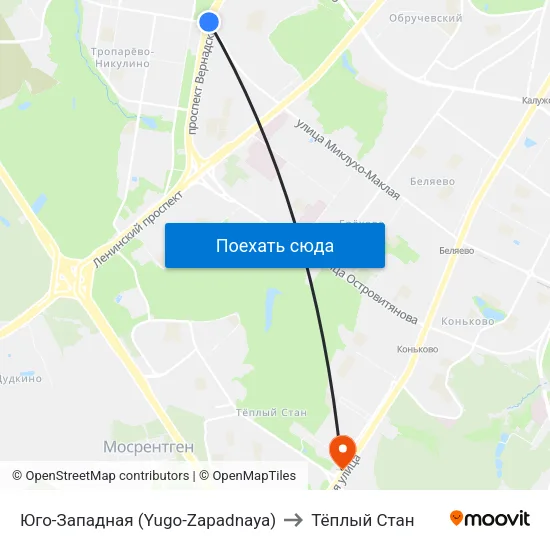 Юго-Западная (Yugo-Zapadnaya) to Тёплый Стан map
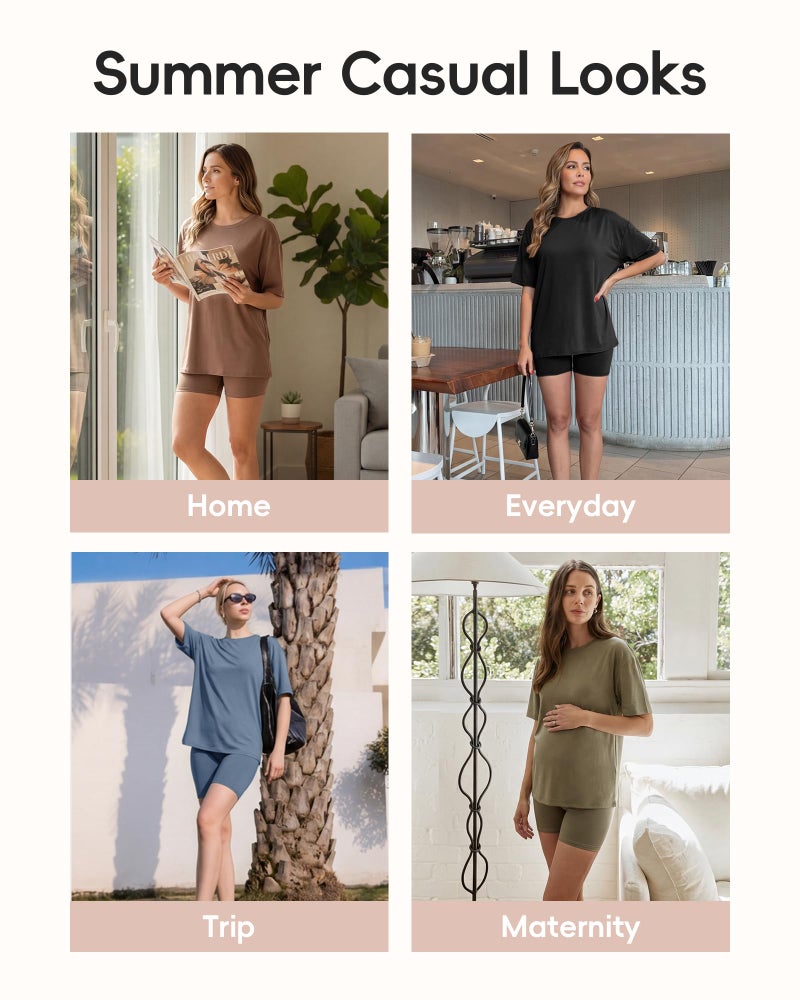 ZOOSIXX 2 Piece Sets for Women Summer - Oversized T-Shirt and Biker Shorts Lounge Sets Matching Outfit for Travel Casual - Image 5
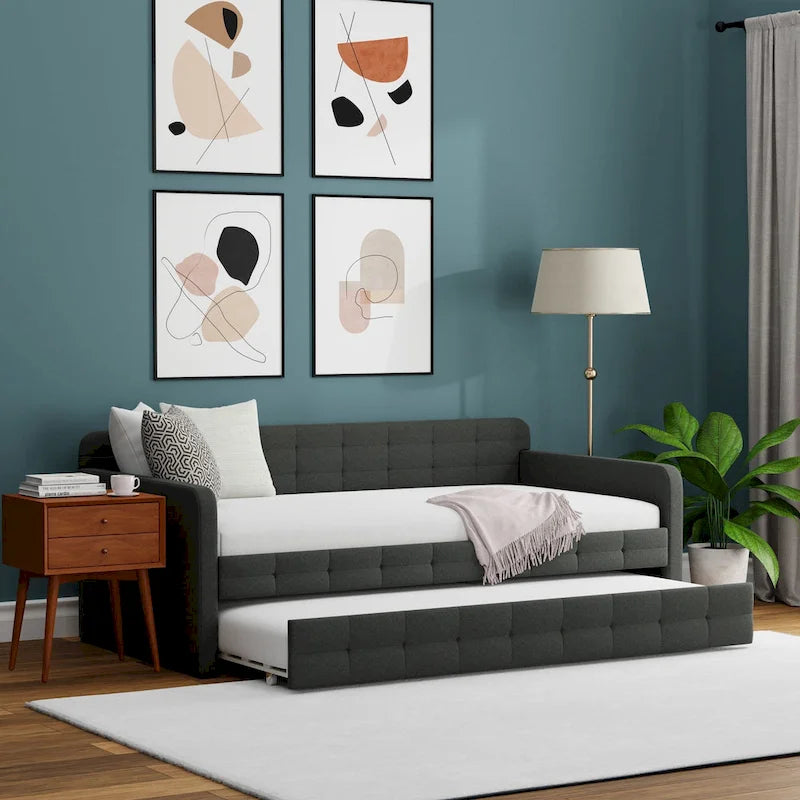 Lit de repos double capitonné beige / pierre / gris avec lit gigogne pour 2 personnes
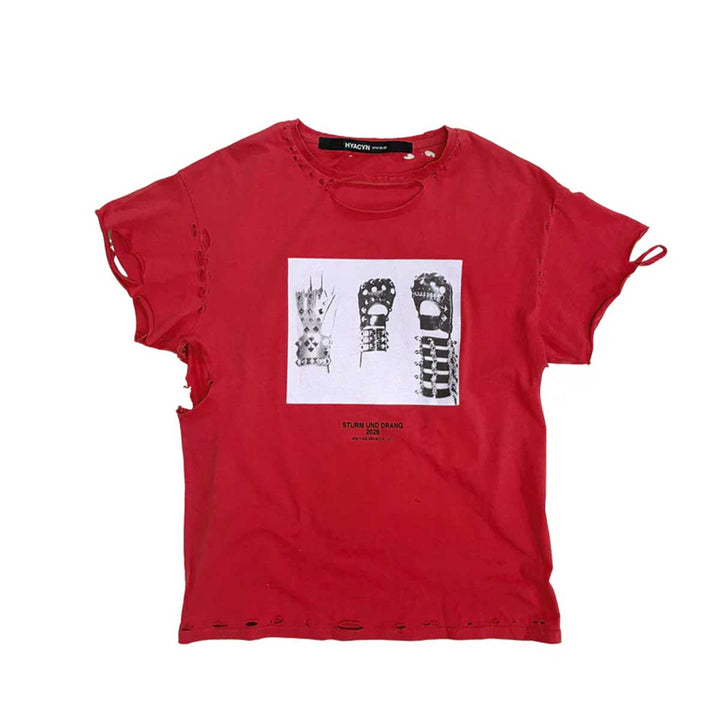 HYACYN - Eet T-Shirt Red Cotton Distressed Gloves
========================================
Restate the listing word for word and drop the pictures.

Exercise solution =
 Юго-Западная (Yugo-Zapadnaya) to Тёплый Стан map
 ZOOSIXX 2 Piece Sets for Women Summer - Oversized T-Shirt and Biker Shorts Lounge Sets Matching Outfit for Travel Casual - Image 5
 Lit de repos double capitonné beige / pierre / gris avec lit gigogne pour 2 personnes
 HYACYN - Eet T-Shirt Red Cotton Distressed Gloves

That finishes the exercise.